I have come to the conclusion that the root of all patient dissatisfaction comes down to three things
1) not having instant concierge access to their doctors when they don't actually pay for concierge medicine
2) not having around the clock instant message / inbox / email access to their doctors - because our society is all electronic now and want instant satisfaction
3) not being insta-cured like the pokemon center. they watch too much Star Trek (like me! paramount plus is awesome ) in which Dr McCoy/Crusher/ Bashir/Robert Picardo's hologram EMH doctor / (i never watched star trek enterprise or discovery so i dont know those doctors names), Dr T'ana, Dr Mbenga etc... are using painless hyposprays to cure everything and tricorders to instantly diagnose something...
because the vast majority of patients who are satisfied ... just need some communication and taking a few moments to spell things out for them...
but those that are never satisfied can always fall under one of the three above.
now all patients should have a doctor who listens and is empathetic. I am saying after the doctor has done all of those "by the book proper steps," then the remaining issues are 1-3.
I always take great care to ensure all the "proper steps" such as open communication, frequent communication, and showing empathy and "aww you poor thing" is demonstrated to patients. I do that whole "family doctor" open the conversation by "asking about the family or the pets" thing. those "by the book steps" are usually sufficient to get the patient to open up and work with you collaboratively.
I am saying AFTER the doctor does everything right and by the book, when patients are STILL not satisfied, it is usually due to 1-3 as above.
for those patients I often ask... so what do YOU want to do?
then I get some very outlandish answers lol.
Addendum: I must reiterate - we must do our part by being empathetic, open, kind, and understanding of certain "social determinants of health, cultural competency, that DEI stuff..." that interfere with the patients situation. if all patients were as self sufficient as we are, then they would not need to see us and we would be out of a job...
but I am saying AFTER we do the right by the books "good doctor" approach and we have "gotten the ball out of our court," then I have noticed unsatisfied patients fall under 1-3.

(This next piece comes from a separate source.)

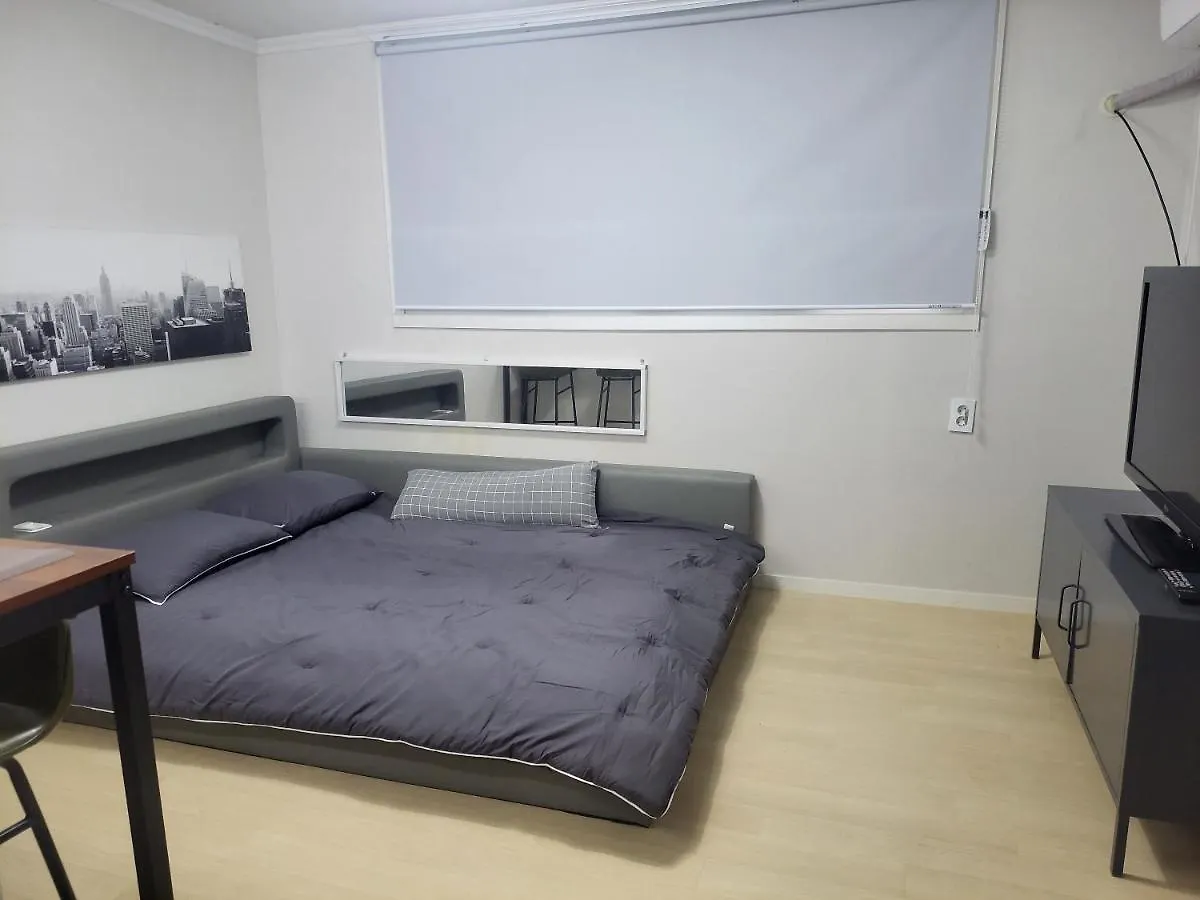 Newly Renovated 2 Bedroom Apartment #7 Soul Jižní Korea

Addendum 2 : to give some concrete examples , one brand new patient was a young 30s non smoker who was recently admitted to local hospital with cough and found ti have hilar LAN and nodules - transthoracic needle biopsy diagnosed lung adeno egfr positive . Saw Heme onc already on Tagrisso . Hosptial navigators helped schedule to see me two weeks after discharge . I prepped the entire visit ahead of her visit (primarily to save me time during the visit but also to show patients I care ) and the visit went smoothly . Restrictive lung disease will get better with time . Some air trapping maybe a bronchodilator will help. Utmost care and empathy given . She was a nice person overall. But this patient just had to chime in “it’s so hard to see you ! I waited so long!”
I responded you know there are other pulmonologists .
Yeah but you have the highest reviews and I wanted to see you .
Thanks for your praise but I have to attend to the patients who already scheduled .
This is a tame and lighter example of a very nice patient whose disappointment was rooted in how a scarce resource (I’m not saying I’m he scarce resource in just making an analogy ) was not given to a patient and the patient was not allowed to cut in line and this was the root of her disappointment .
This was a pleasant encounter actually but still highlights my point
Addendum #3:
I think I will place a sign in my waiting room. I will custom make a sign. It will say something like
"The patient is always right. But the customer is not always right."
I think that captures the frustrations of outpatient medicine in a succinct and pithy way.